== Task inputs ==

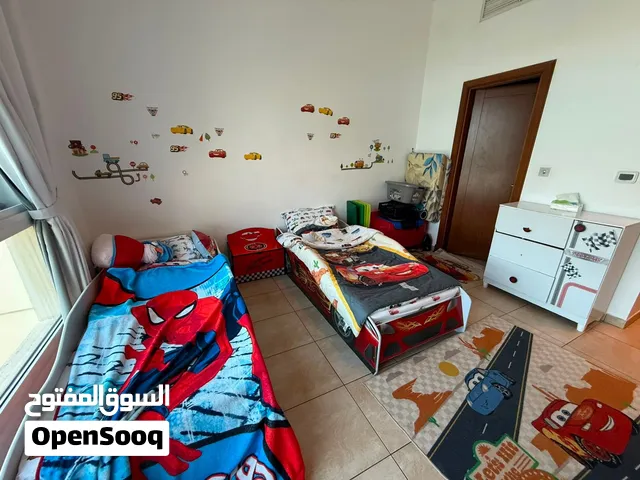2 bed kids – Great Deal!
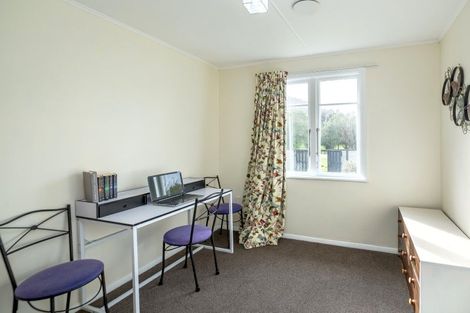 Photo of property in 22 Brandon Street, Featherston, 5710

===
== Task inputs ==

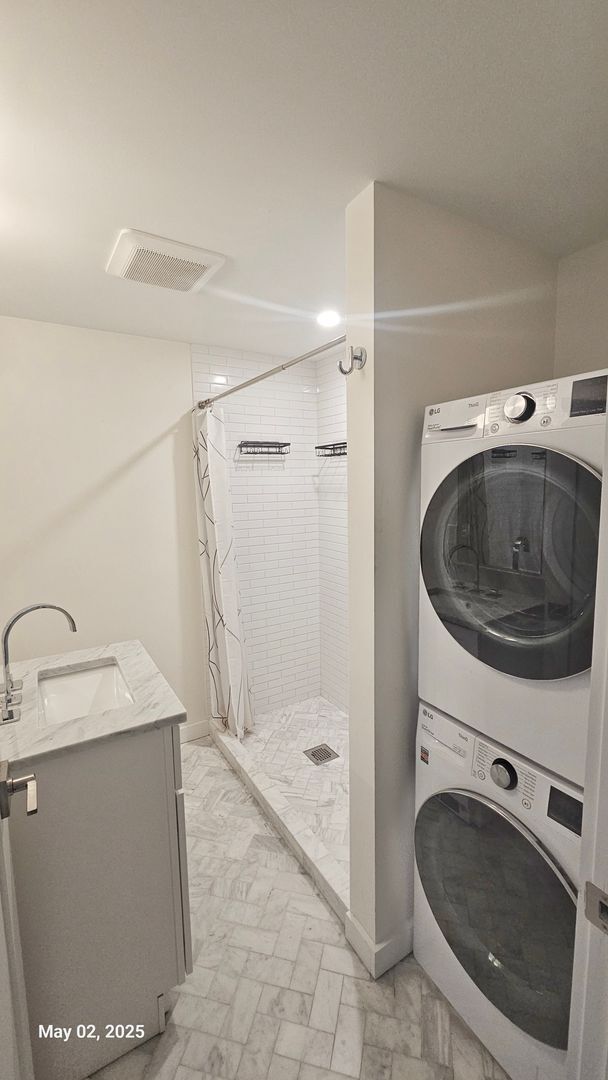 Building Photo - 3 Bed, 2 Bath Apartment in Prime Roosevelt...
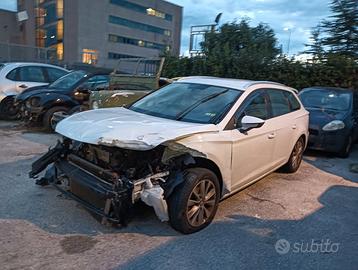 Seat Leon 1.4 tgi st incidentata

===
== Task inputs ==

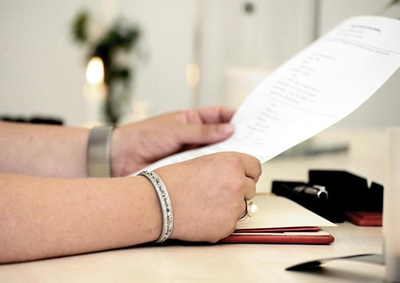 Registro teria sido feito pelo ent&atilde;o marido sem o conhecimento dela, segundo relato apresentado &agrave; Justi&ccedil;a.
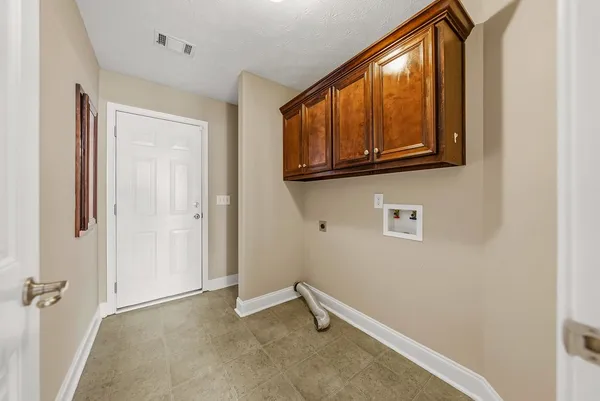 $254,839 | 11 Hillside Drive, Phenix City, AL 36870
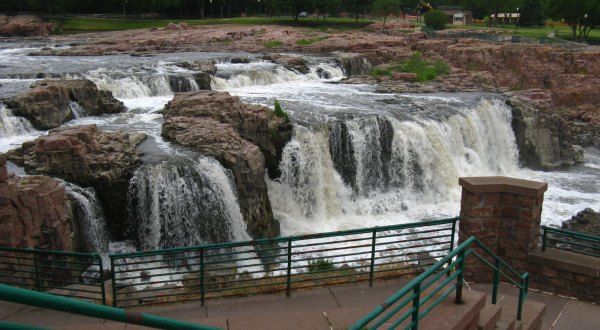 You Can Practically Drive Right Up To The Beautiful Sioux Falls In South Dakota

===

▸ **Task instructions**:
In the records above, find the line with "2 bed kids – Great Deal!" and the line with "Photo of property", then restate word for word only those two lines and all lines between, omitting pictures.

▸ **Your response**:
2 bed kids – Great Deal!
 Photo of property in 22 Brandon Street, Featherston, 5710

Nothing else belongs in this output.